======== Material provided

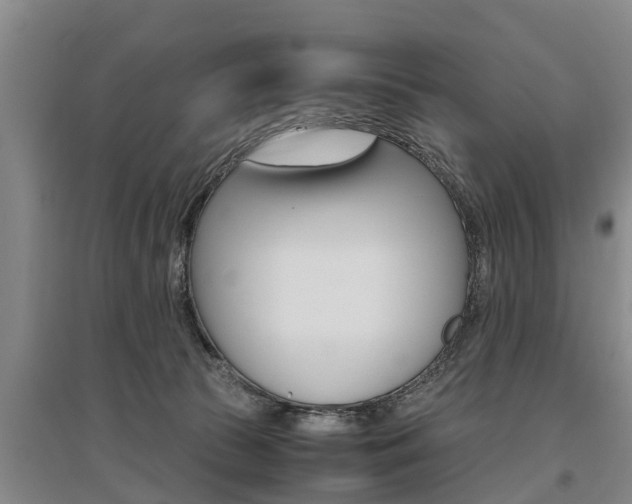 X0000095890177200801110837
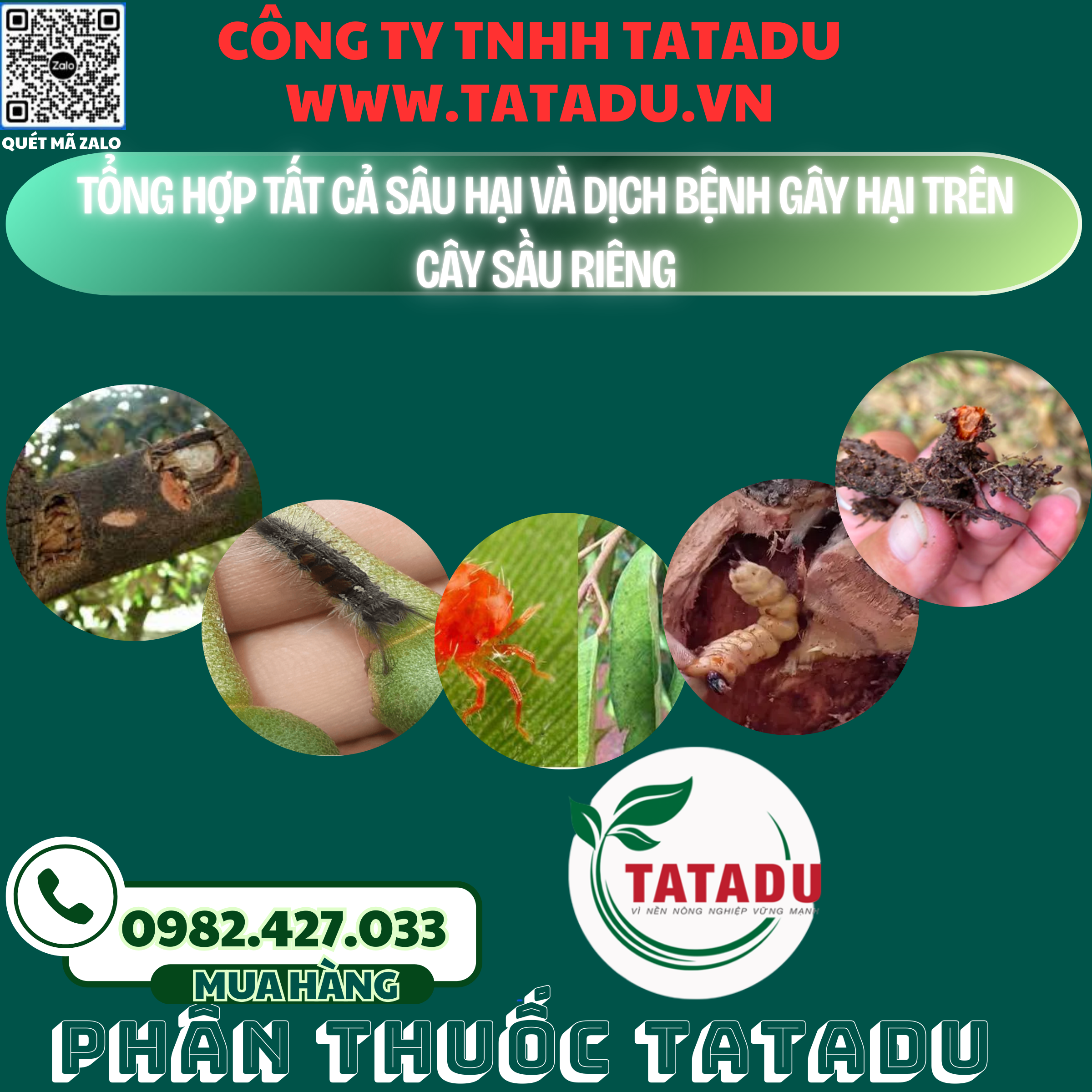 TONG HOP TAT CA SAU HAI VA DICH BENH GAY HAI TREN CAY SAU RIENG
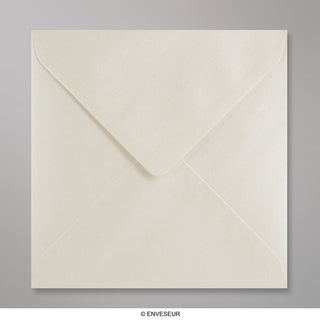 155x155 mm Busta Ostrica Lucido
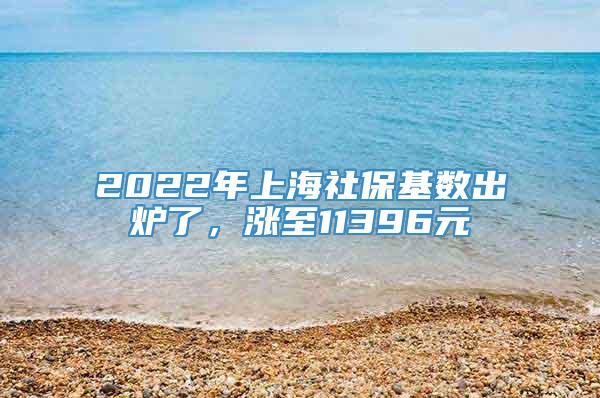 2022年上海社保基数出炉了，涨至11396元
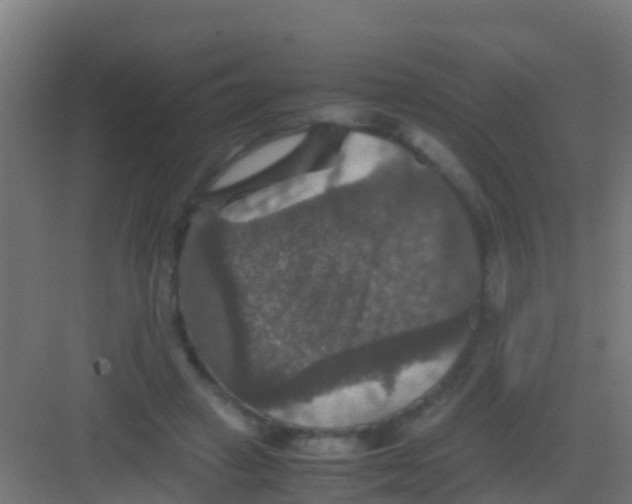 X0000081310449200702082114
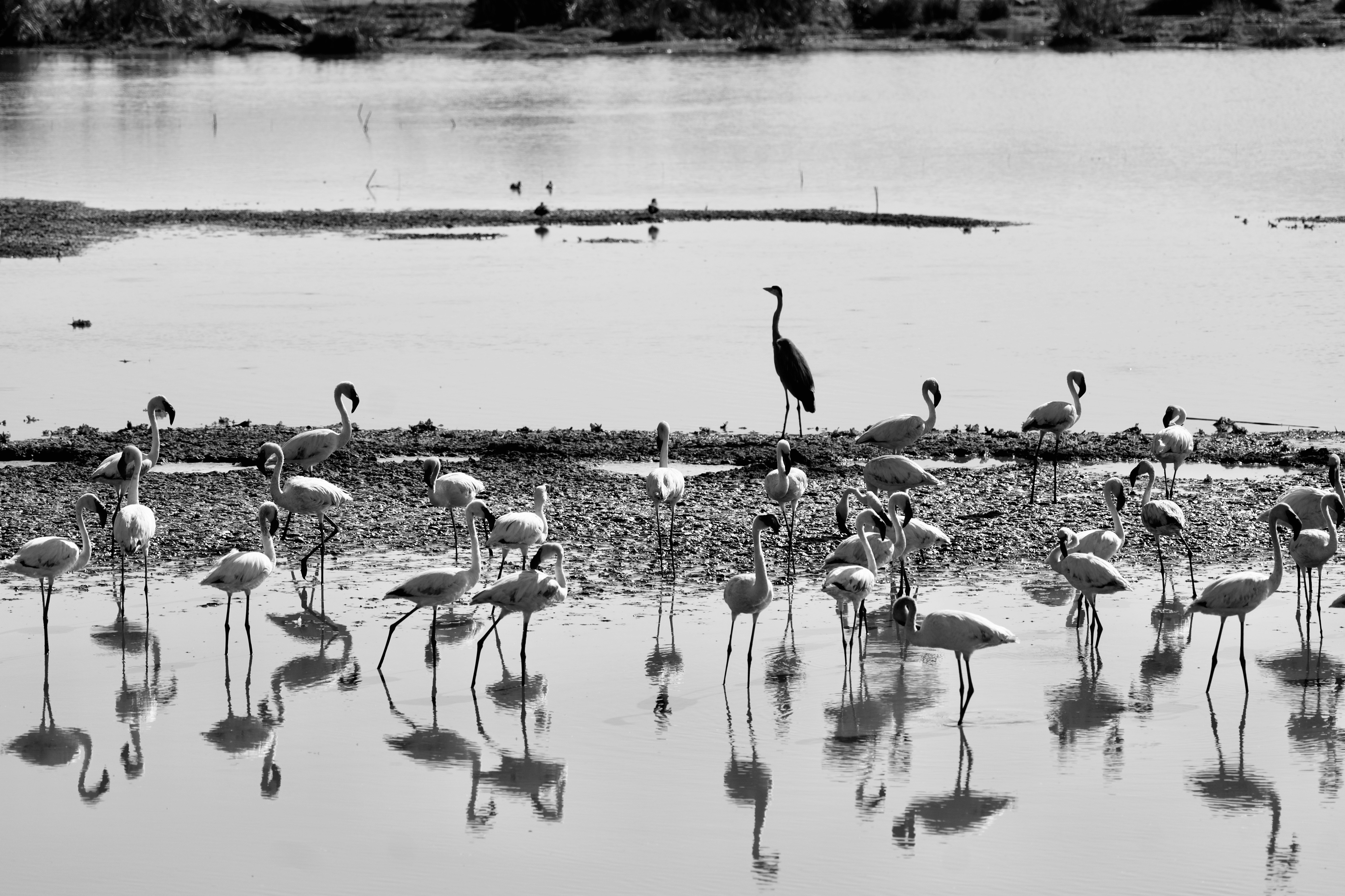 flamingos on body of water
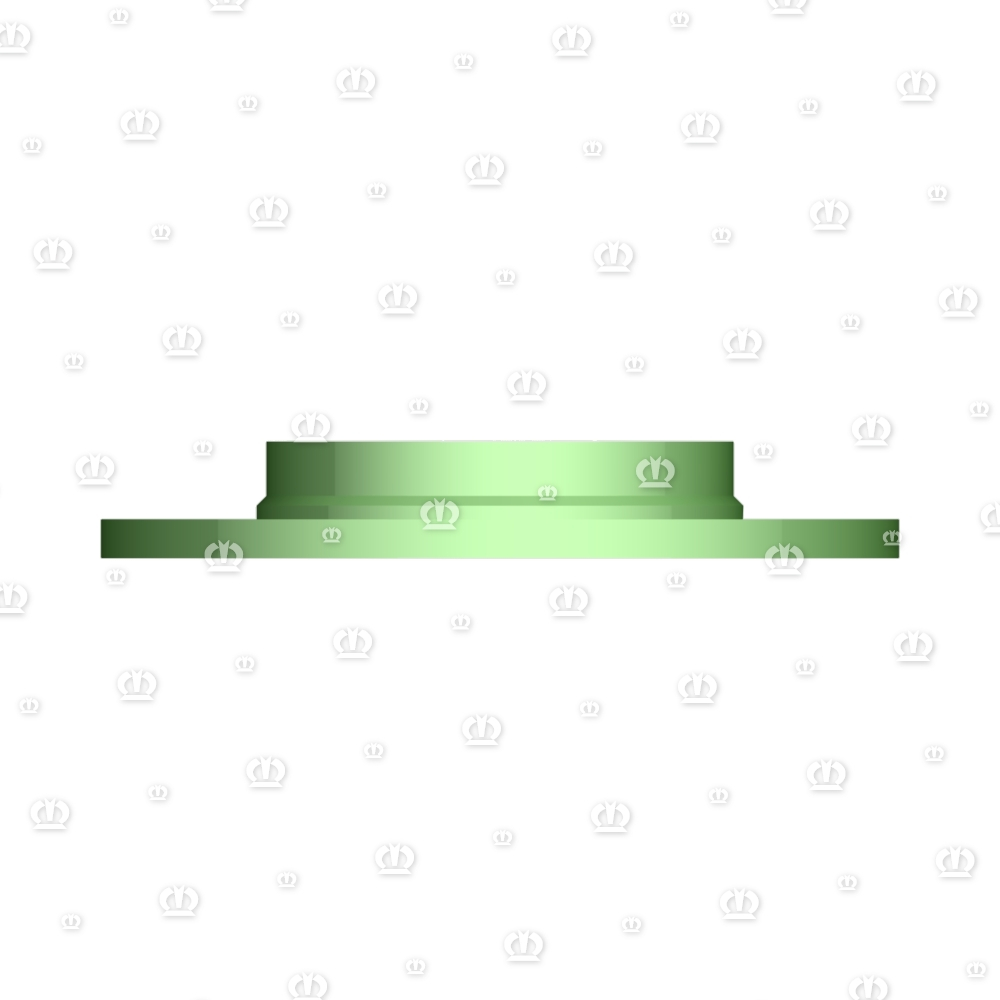 FLANSCH RD.205X30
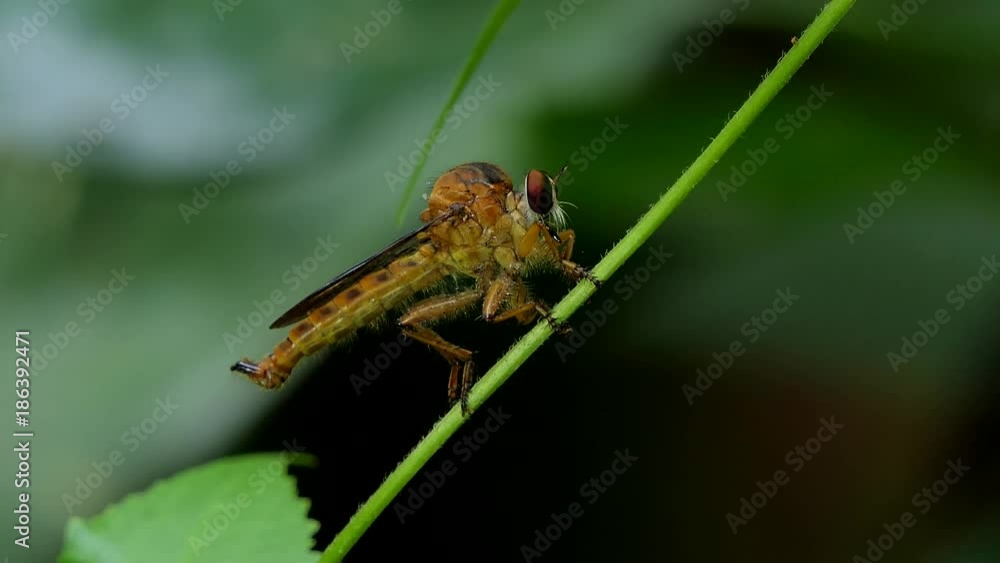 Robber Fly (Asilidae) is natural enemies of insect pest on branch in tropical rain forest. Robber Fly (Asilidae) is natural enemies of insect pest on branch in tropical rain forest.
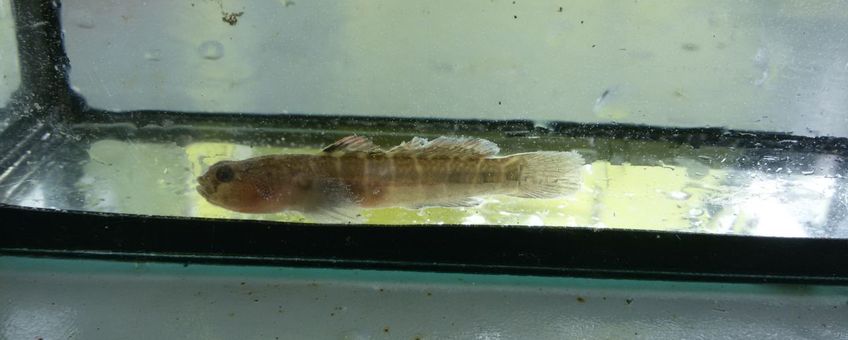 Gobiosoma bosc. Naked goby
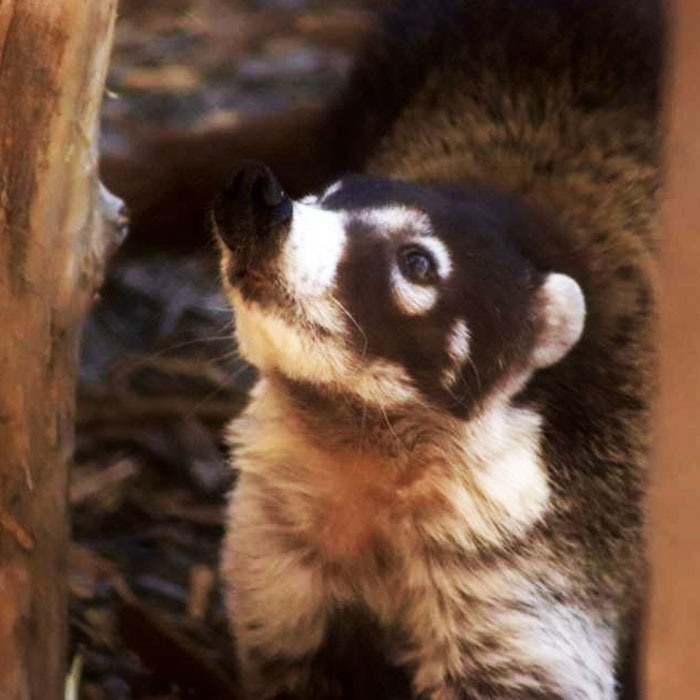 Coati Coati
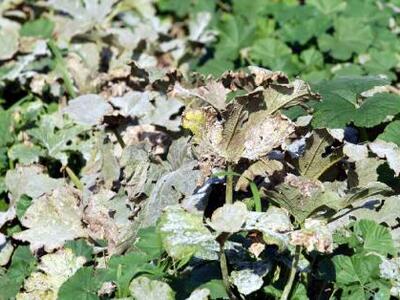 Μαροκινός ιός "χτυπά" τις καλλ...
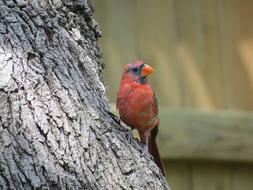 little red bird perched on a tree trunk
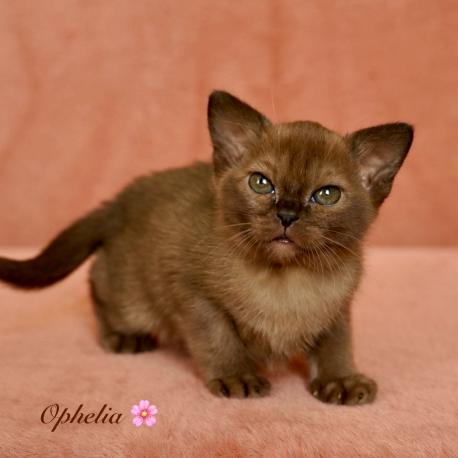 Ophelia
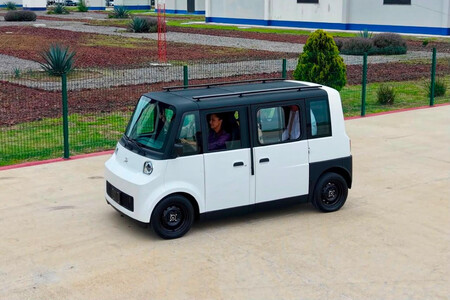 Olinia 2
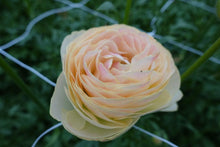 Load image into Gallery viewer, Ranunculus Romance Hydra - Terrace Garden France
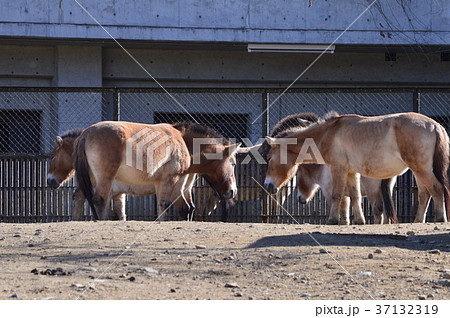 群馬の魅力 37132319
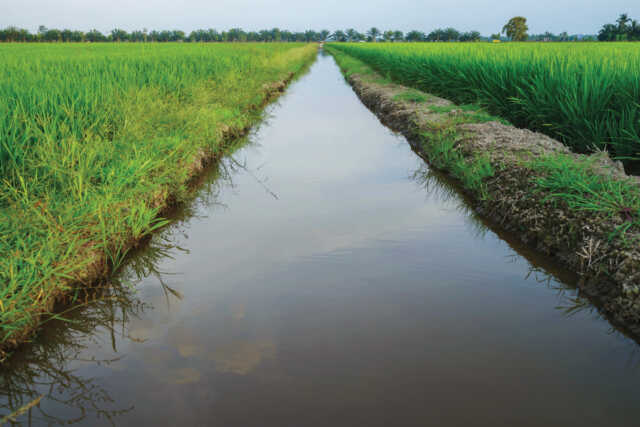Rice Production Water Ways Padi Fields Irrigation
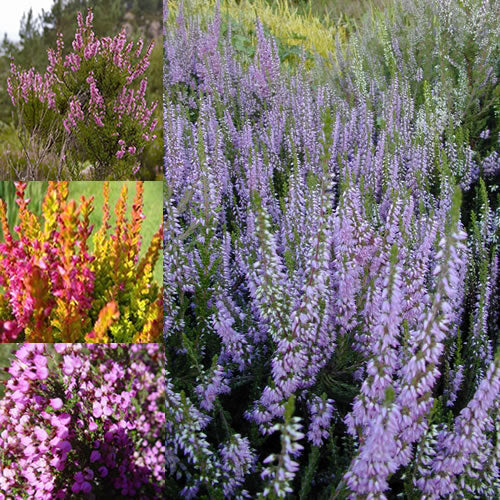 Heather Mix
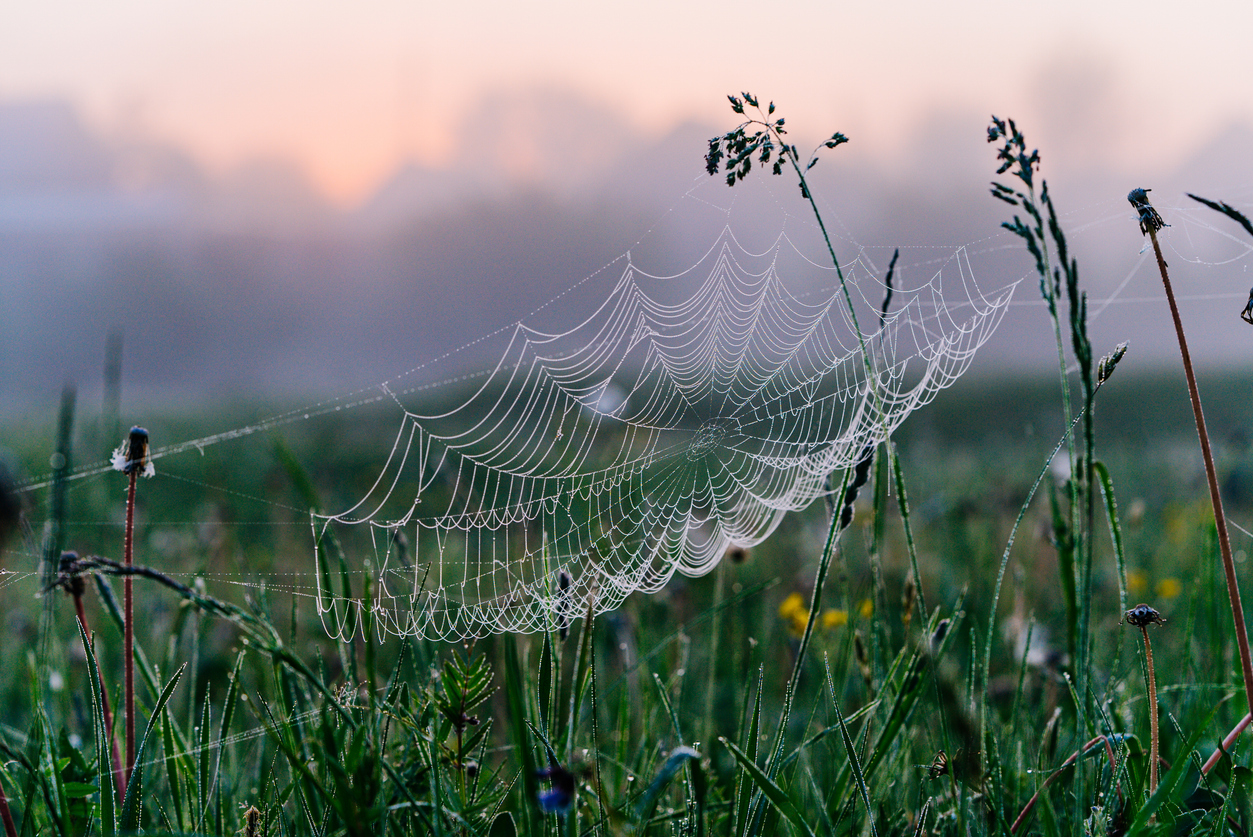 A Guide to Spider Webs (and the Spiders Behind Them)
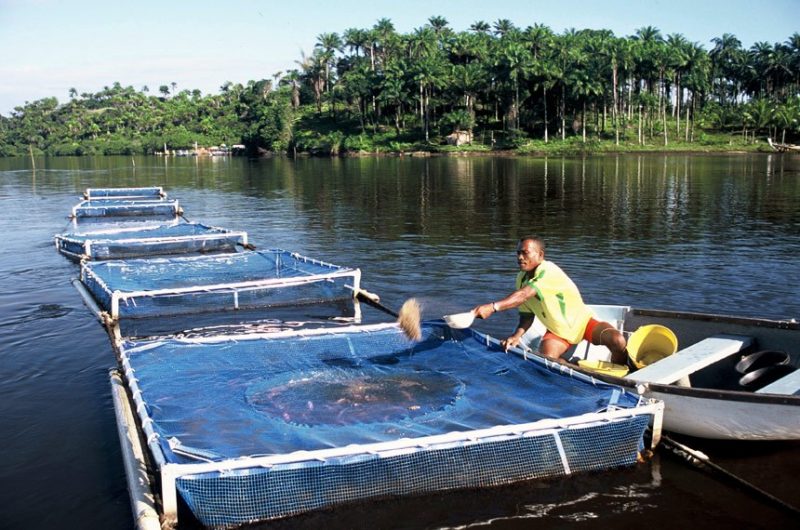 Incentivo à produção integrada de peixes e vegetais está na pauta da CMA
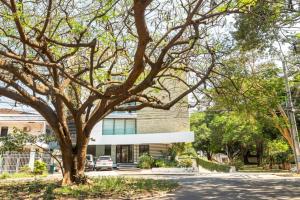 a large tree in front of a building at Luxurious stay at modern apartment (Equipetrol) in Santa Cruz de la Sierra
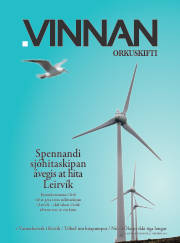 Síða 25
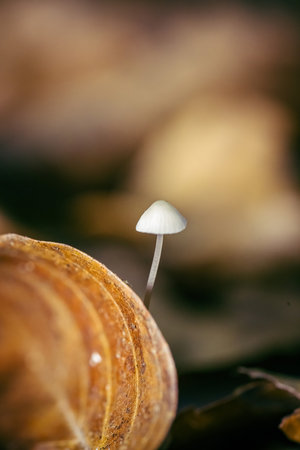 Mushroom in the autumn forest, close-up macro photographyの写真素材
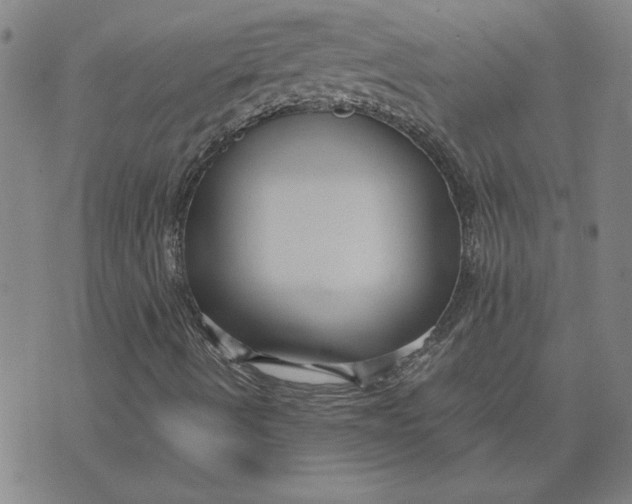 X0000071901490200607281750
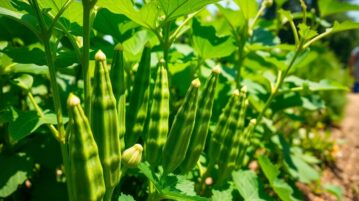Okra : le légume ancien qui se sème en mai et défie les chaleurs estivales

================

Pictures are to be omitted; otherwise, every line from the first line of the listing through the line containing "FLANSCH RD.205X30" must be reproduced exactly, both ends included.

 X0000095890177200801110837
 TONG HOP TAT CA SAU HAI VA DICH BENH GAY HAI TREN CAY SAU RIENG
 155x155 mm Busta Ostrica Lucido
 2022年上海社保基数出炉了，涨至11396元
 X0000081310449200702082114
 flamingos on body of water
 FLANSCH RD.205X30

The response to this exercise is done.